Camacho knew early on he wanted to be a teacher. After graduating from high school, he attended College of San Mateo but it was overwhelming and he never asked for the help he desperately needed. He grew up in Los Angeles and wanted to return so he applied to USC and was admitted but had no idea how much it would cost. When he arrived on campus and found out, he didn’t have the funds so returned home and eventually, after many starts and gaps, graduated with an AA degree from CSM. From there he did an unprecedented thing for him and his parents and went across country to Catholic University in Washington, D.C., where he earned a bachelor’s degree.
He is very close to his parents. They moved to San Bruno from Los Angeles and bought a house near the airport which is still their home. His dad is from Los Angeles; his mom from Texas. Father, a carpenter, had a job at South San Francisco High so Camacho went there instead of a San Bruno school. Before that, he attended Bel Aire and Parkside schools in San Bruno. His mom worked for Franklin Templeton. Camacho is married and has two young sons. He is the director of School Culture and Belonging at St. Francis High School, a private Catholic school in Mountain View. Previously, he taught at Menlo-Atherton High in Atherton. Before that, his mom got him a job at Franklin Templeton where he learned what is meant to be disciplined and how much doing well in college meant for one’s future. His wife is a civilian employee of the U.S. Coast Guard and they have two young sons.
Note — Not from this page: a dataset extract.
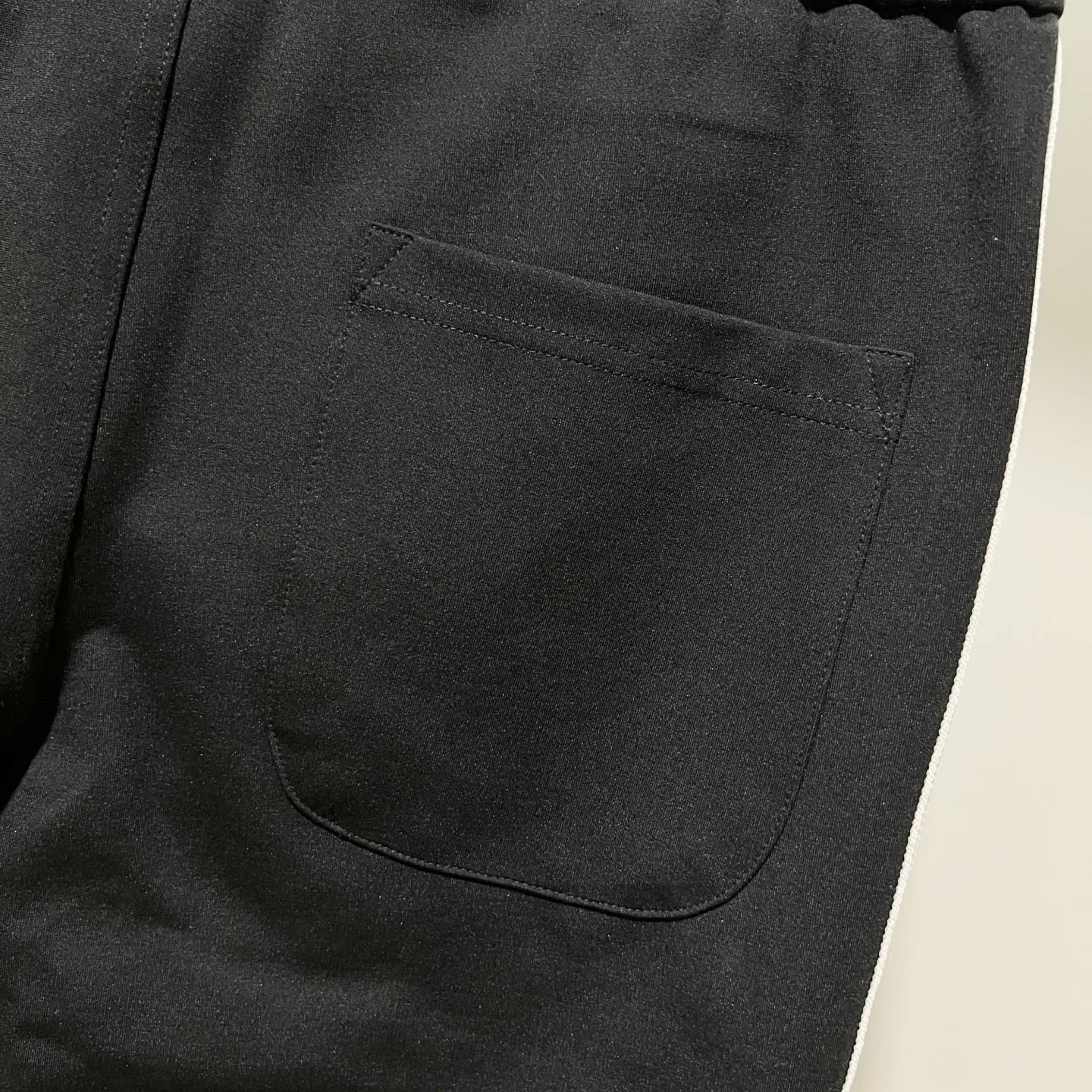 P230 MONCLER/muzzle Customized fabric suit casual sweatpants Simple side webbing splicing craftsmanship small chapter logo LOGO Official synchronization High version High quality Fashion personality Versatile trend Pure original quality Original fabric Hang tag Collar label Washed wheat Complete three standards Color: Black. Blue. Gray. Size: S-2XL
I asked a colleague on the San Mateo County Board of Education, Ted Lempert (also my son), for some thoughts on Camacho. He wrote: “His public interview for the vacancy on the San Mateo County Board of Education a number of years back was the best interview anyone on the board had ever heard. He is always there to volunteer for yet another leadership role at the county or state level — not because he wants to add to a list, but because he is passionate about helping kids.”
Why did I think Camacho was a rising political star? Because he seemed to have the support of progressives as well as older political officials. When Assemblymember Kevin Mullin was putting together his slate for the California Democratic State Convention, Camacho was on his list. But Camacho was also on a list of the newly emerging but powerful progressives who had put together their own slate.